- [Aim of the exercise]
Retype each entry exactly. Skip any pictures.

%%

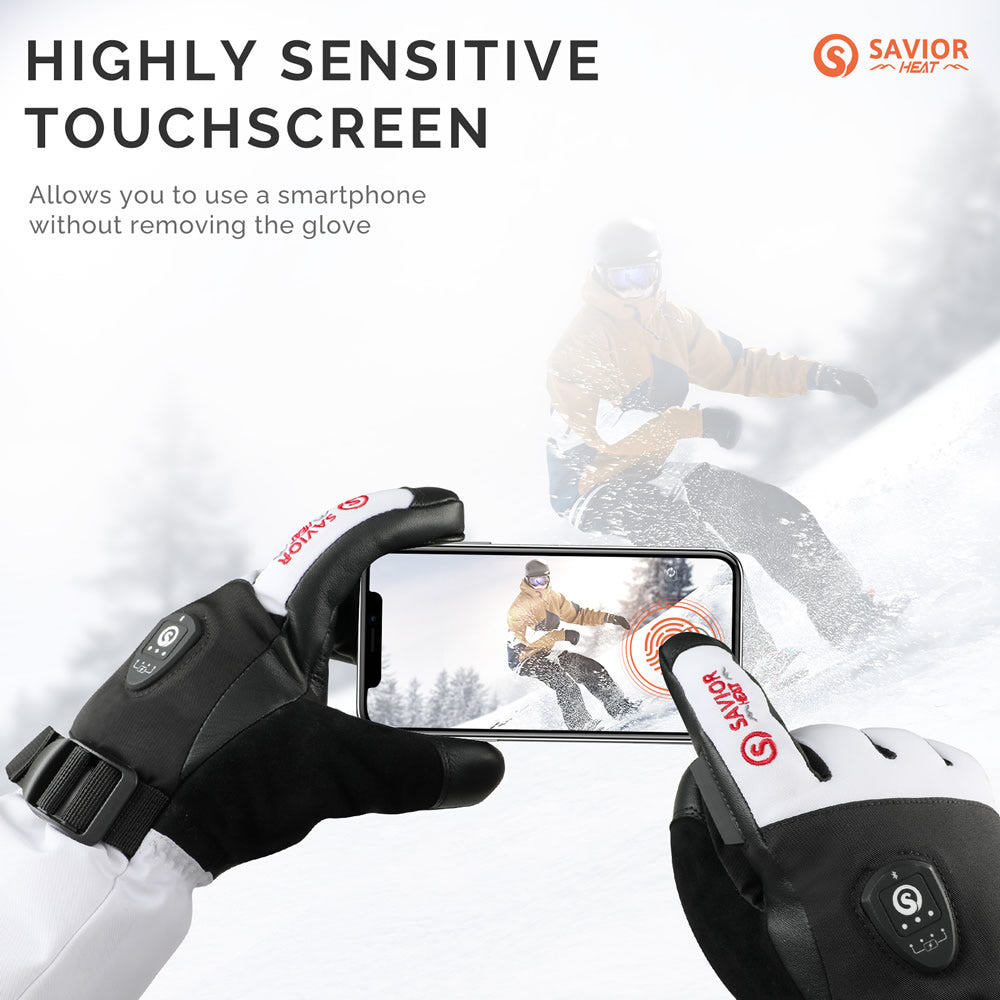 Skiing Gloves,Windproof Gloves -Heated Gloves | Smart gloves | Heated Footwear SKGP01FW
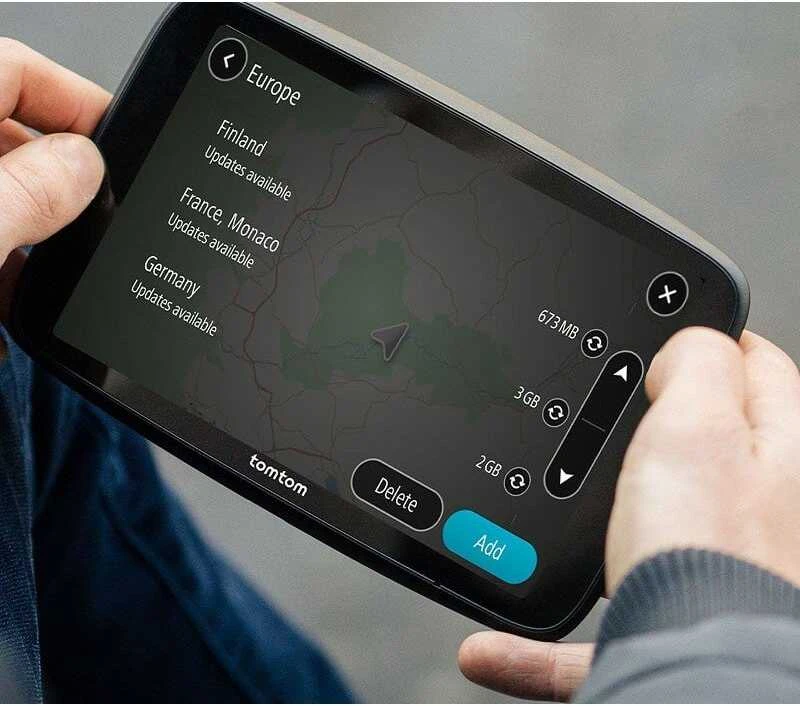 TomTom GO Profesional 6" 2nd gen. GPS navigacija sunkvežimiams 1YF6.002.10
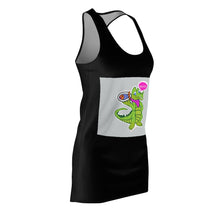 Load image into Gallery viewer, Diner Croc Women&#39;s Cut &amp; Sew Racerback Dress
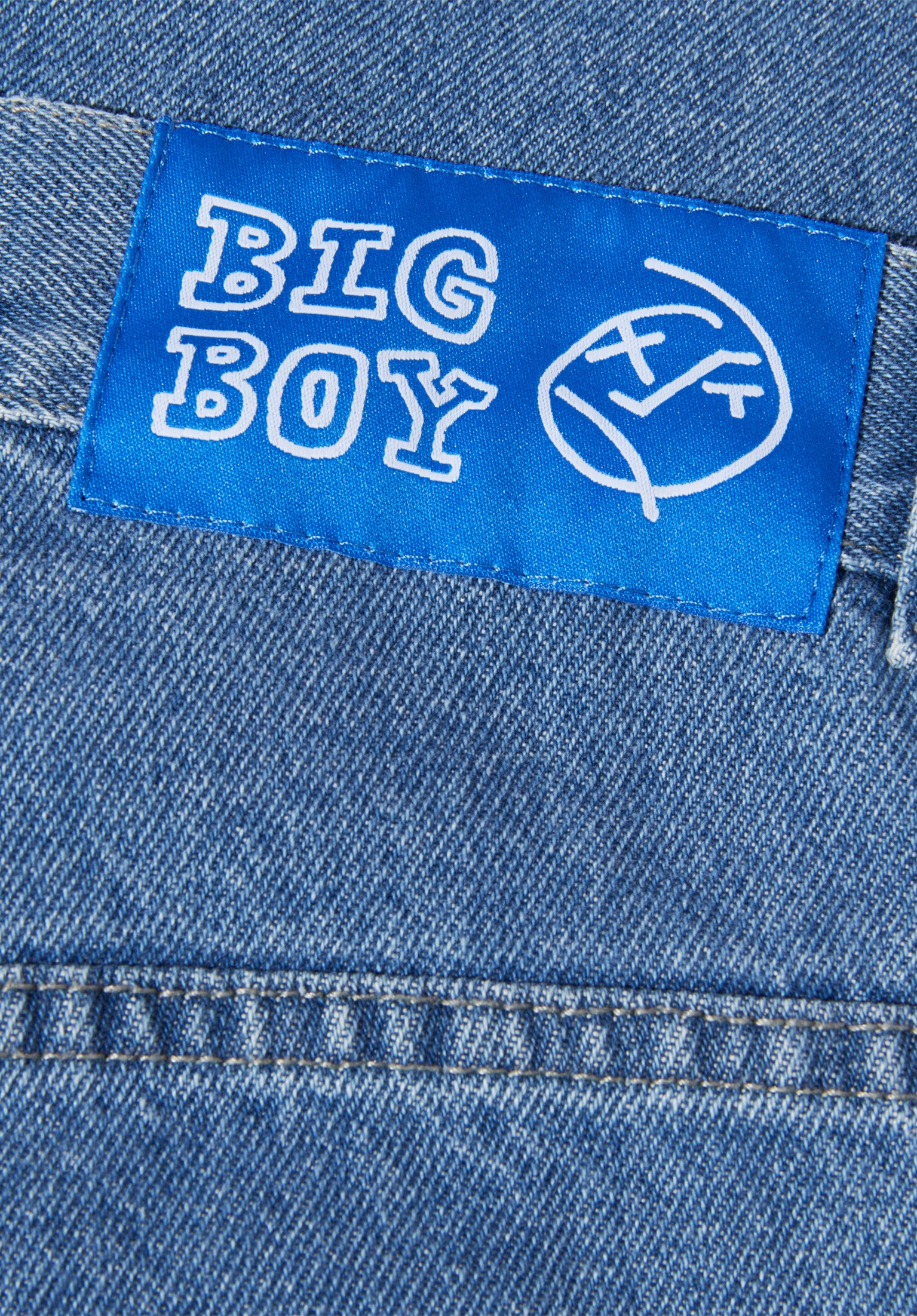 Big Boy Polar Skate Co Jeans in midblue für Herren – TITUS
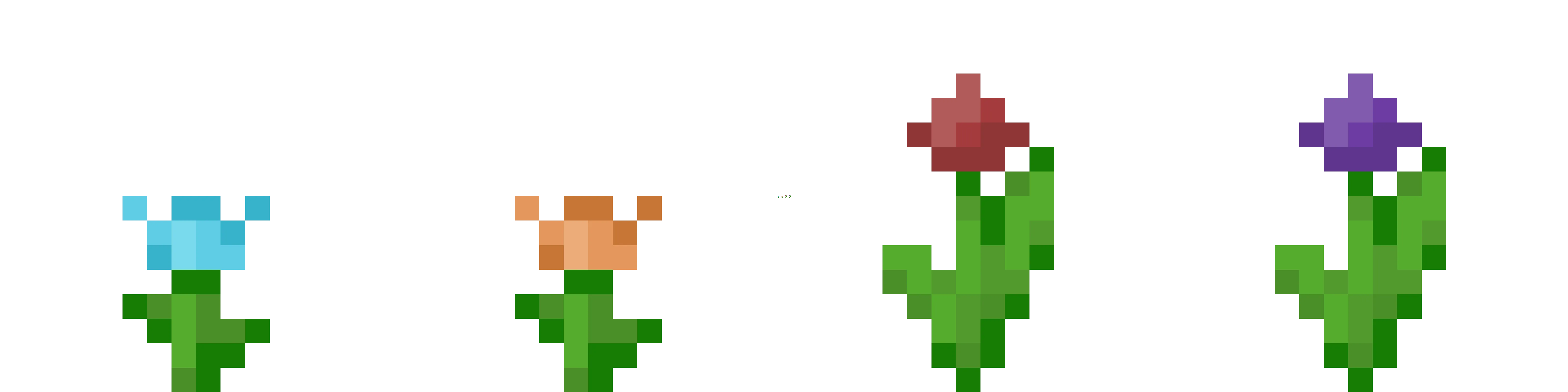 Flowered Netherite, Моды, Minecraft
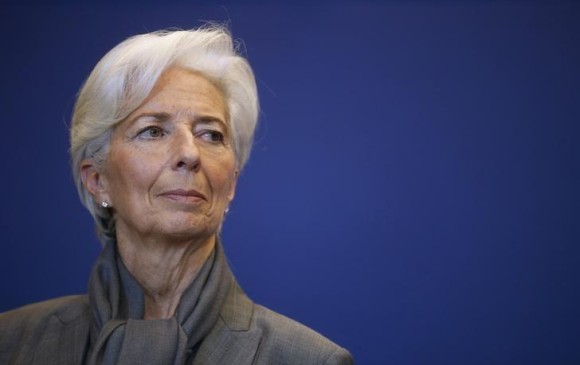 Lagarde se aleja de la conducción del FMI entre especulaciones sobre su reemplazante. FOTO: REUTERS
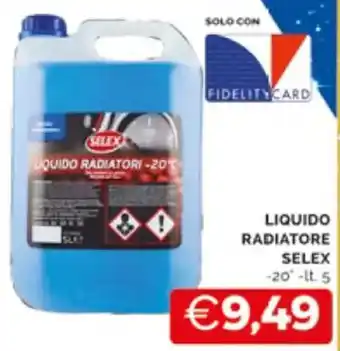 Mercatò LIQUIDO RADIATORE SELEX offerta
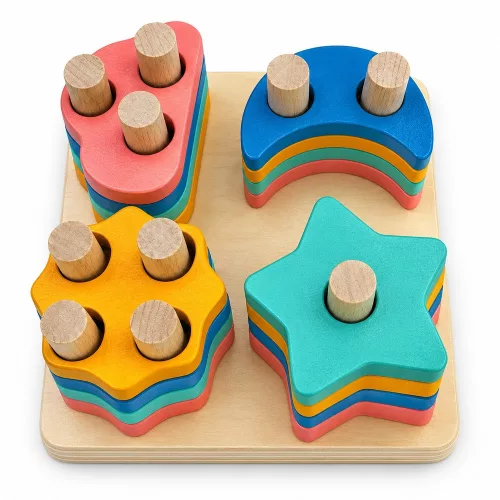 Montesszori építőjáték 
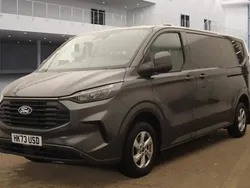 Grey Used 2023 Ford Transit Custom Limited | £27,500 (Good price)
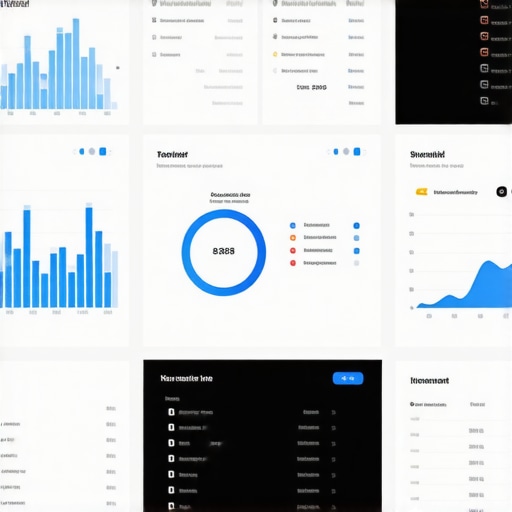 Screen showcasing AI-driven data analysis for improving local search rankings.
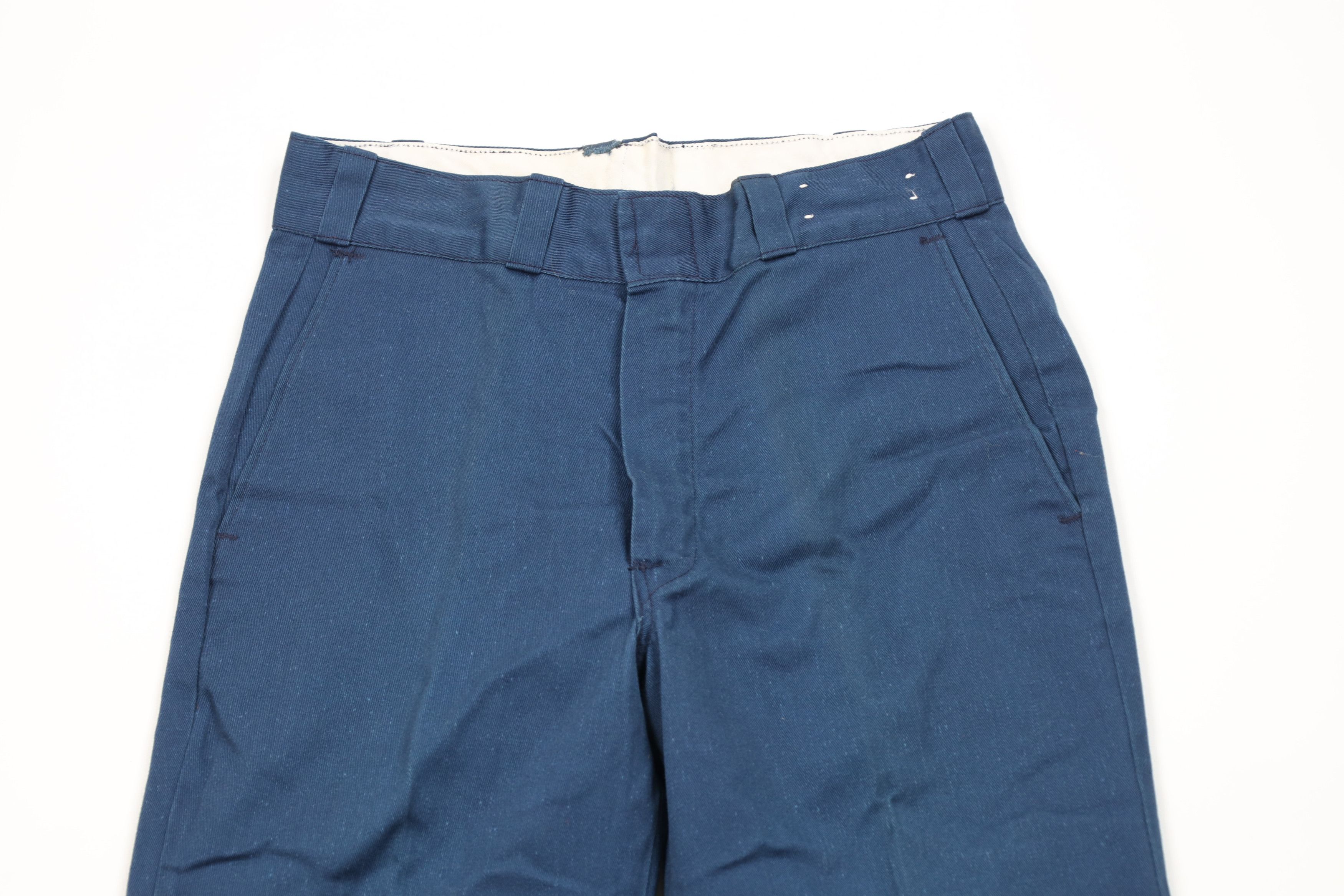 Dickies Vintage 70s Dickies Workwear Mechanic Wide Leg Pants USA Size US 28 / EU 44 - 2 Thumbnail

%%

- [The completed task]
 Skiing Gloves,Windproof Gloves -Heated Gloves | Smart gloves | Heated Footwear SKGP01FW
 TomTom GO Profesional 6" 2nd gen. GPS navigacija sunkvežimiams 1YF6.002.10
 Load image into Gallery viewer, Diner Croc Women&#39;s Cut &amp; Sew Racerback Dress
 Big Boy Polar Skate Co Jeans in midblue für Herren – TITUS
 Flowered Netherite, Моды, Minecraft
 Lagarde se aleja de la conducción del FMI entre especulaciones sobre su reemplazante. FOTO: REUTERS
 Mercatò LIQUIDO RADIATORE SELEX offerta
 Montesszori építőjáték 
 Grey Used 2023 Ford Transit Custom Limited | £27,500 (Good price)
 Screen showcasing AI-driven data analysis for improving local search rankings.
 Dickies Vintage 70s Dickies Workwear Mechanic Wide Leg Pants USA Size US 28 / EU 44 - 2 Thumbnail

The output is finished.